弁護士が教える従業員トラブル 予防と解決のコツ(労災・ハラスメント編)

開催日時:
2019年04月16日
セミナー分類:
企業法務
主催:
埼玉県の損害保険代理店様
講師:
三井 伸容 三井 伸容のプロフィール
開催会場:
越谷商工会議所

弁護士が教える従業員トラブル 予防と解決のコツ(労災・ハラスメント編)

セミナー報告

損害保険代理店様主催で埼玉県内の事業主様向けに人事労務のセミナーを行いました。リスクコンサルティングの観点から主に以下の内容を解説しました。

1 最近のトピック
(1)残業代請求のための労働時間記録アプリの登場
(2)人手不足倒産が増加
2 労働トラブルの対策の必要性
(1)労働トラブルによる賠償リスク
(2)報道、公表、弁護士やユニオン等の情報発信による風評リスク
(3)人手不足リスク(人が集まらない、定着しない)
3 いざというときに備えた「労災と損害賠償」の話
(1)「労災と損害賠償」に関する基礎知識
高額の損害賠償請求が認められた裁判例のご紹介
(2)最新事例、判例等を踏まえた最近の労災トラブルの傾向
①近時の脳・心臓疾患、精神障害等の労災の発生状況
脳・心臓疾患や精神疾患など、重大な結果に結び付く労災申請及び認定件数が増加傾向。賠償額も高額化。
(要因)労働市場の流動化・働き方の多様化、労働者の権利意識・法的知識の向上、労災認定基準の明確化、弁護士へのアクセスの容易化など
②労働者はなぜ労災申請するのか(労災認定による労働者側のメリット)
補償の支給がされること、雇用主への責任追及が容易化、解雇制限など

関連情報

4 これだけは知っておきたい! 職場のハラスメント問題
(1)セクハラ、パワハラなどの職場のハラスメント問題の基礎知識
①ハラスメントに関する最近のトピック
②総合労働相談コーナーでも「いじめ・いやがらせ」の相談が近似増加傾向
③パワハラ・セクハラ・マタハラに関する基礎知識
(2)最新事例、判例等を踏まえた最近のハラスメントトラブルの傾向

5 近時の傾向を踏まえた労災、ハラスメント等の従業員トラブルの対処法
(1)労災
①労災隠しの危険性
②事故状況の証拠化の重要性
③被災者及びその家族対応での注意点
④労災が多い業界
⑤補償が労災保険だけで不十分であること(労災上乗せ保険、雇用慣行賠償責任保険の重要性)
(2)ハラスメント
①ハラスメントが発生した場合の法的責任、賠償金の額、内訳
②会社が行うべき対応(事実調査、処分・対応時の注意点)

本セミナーに関連する質問と回答

Q パワハラとは何ですか?
A 正式にはパワーハラスメントといいます。パワーハラスメントとは、職場において行われる①優越的な関係を背景とした言動であって、②業務上必要かつ相当な範囲を超えたものにより、③労働者の就業環境が害されるものです。

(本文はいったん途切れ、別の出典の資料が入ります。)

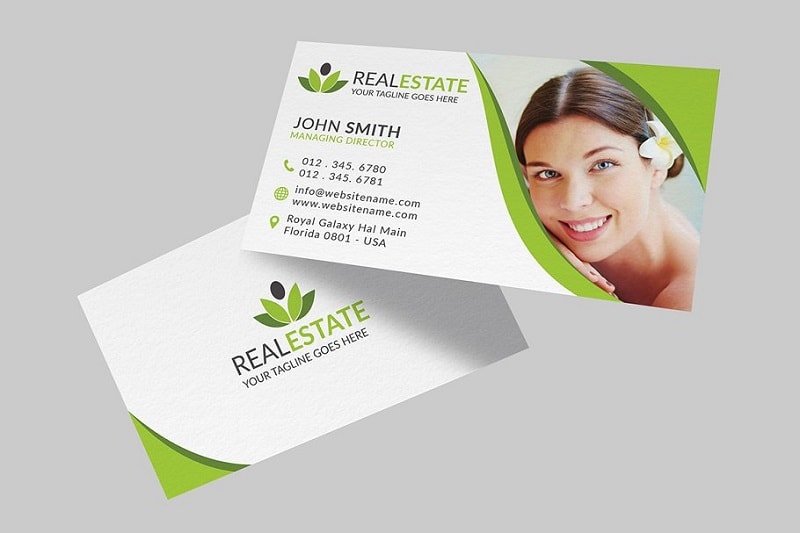 card visit spa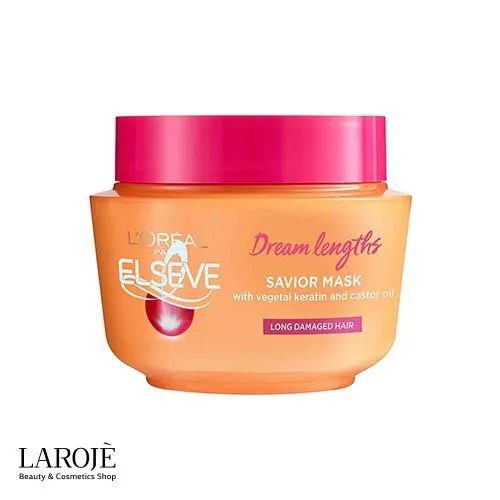 ماسک مو مخصوص موهای آسیب دیده لورال L'oreal - تصویر ۱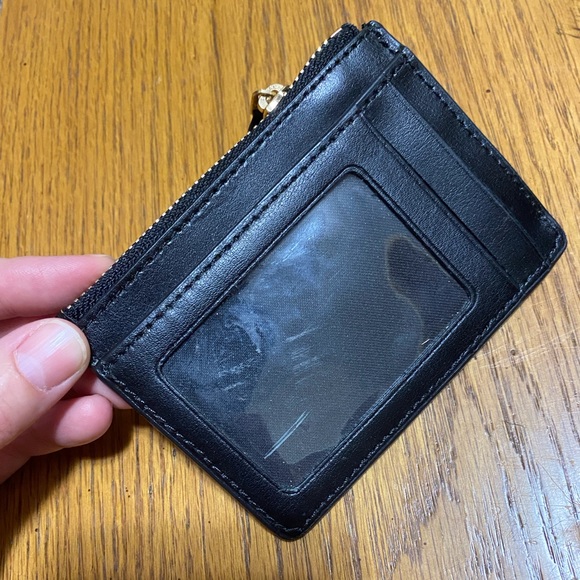 Coach Leopard Coin Purse/Card Holder - Picture 2 of 2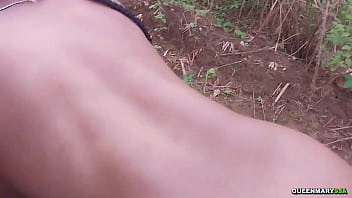 Romantic outdoor sex with 18yo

客観的にみて、業務上必要かつ相当な範囲で行われる適正な業務指示や指導はパワーハラスメントには該当しません。管理職が過度に委縮しすぎないことが重要です。

Q パワハラが起きた場合、会社はどうなりますか?
A 会社内部の問題にとどまらず、民事上の責任や、公法上の責任を問われる可能性があります。業務とハラスメントの関係性が極めて薄いような例外的な場合でない限り、加害者だけではなく、その雇用主である会社も損害賠償責任を負います。

会社としてハラスメントを防止できなかったことにつき、会社独自の損害賠償責任を
負う場合もあります。

ハラスメントに関する各種法令上の体制整備等ができていない場合、当該違反に関する行政指導等を受けるおそれもあります。